18 December 2007
I would one day leave my Island,
the rocky islets, the sunrises on the sea,
the olive groves, the caper fields and the vineyards;
and I would no longer hear
the singing of cicadas during the summer heat,
or wasps buzzing around the pergola
or lizards hiding
In the cracks of walls, but…
I don’t know.
I have brought along with me so many things,
but the dearest and the most precious things
I have left on that Island,
and they appear in my thoughts,
when my misty memory
Planted in the islands,
we have uprooted out children
Only to have them grow elsewhere.
In the vineyards now there are only weeds.
And yes, near the bottom of Panel 399 was his name: Salvatore Seminatore.
Is your ancestor commemorated on the wall? You can check here.
16 December 2007
A couple of months ago I learned about a special exhibit titled, "Sicilian Crossings," that would be showing at the Ellis Island Immigration Museum for only three months.
Visiting New York City has long been on my personal travel list, and when coupled with low air fare and generous friends who provided a bed for me to sleep on -- how could I pass on the opportunity?
Ellis Island has significant meaning to me because my great-grandparents immigrated from Sicily to Pennsylvania via this port of entry. So in the forefront of my mind during my time there was the experience Angela Marie, her three children, and her brother may have had as they were processed among thousands of other immigrants.

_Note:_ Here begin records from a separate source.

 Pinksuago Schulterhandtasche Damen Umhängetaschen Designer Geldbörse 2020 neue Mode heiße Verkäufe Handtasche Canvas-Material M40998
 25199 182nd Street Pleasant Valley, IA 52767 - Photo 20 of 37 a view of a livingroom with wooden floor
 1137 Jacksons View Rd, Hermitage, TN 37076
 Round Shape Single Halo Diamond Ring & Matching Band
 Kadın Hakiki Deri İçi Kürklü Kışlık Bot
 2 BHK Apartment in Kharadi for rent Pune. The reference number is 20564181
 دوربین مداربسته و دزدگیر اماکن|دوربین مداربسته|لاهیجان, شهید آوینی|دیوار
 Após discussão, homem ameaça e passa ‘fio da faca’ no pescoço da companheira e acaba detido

The baggage room was on the main level just beyond the entrance. New arrivals were instructed to leave their trunks here while they continued upstairs to the Grand Hall on the second floor.
The Grand Hall was often referred to as the Hall of Babel due to the cacophony of foreign tongues that filled this space, all vying to be heard and understood during a process that could often be fraught with uncertainties.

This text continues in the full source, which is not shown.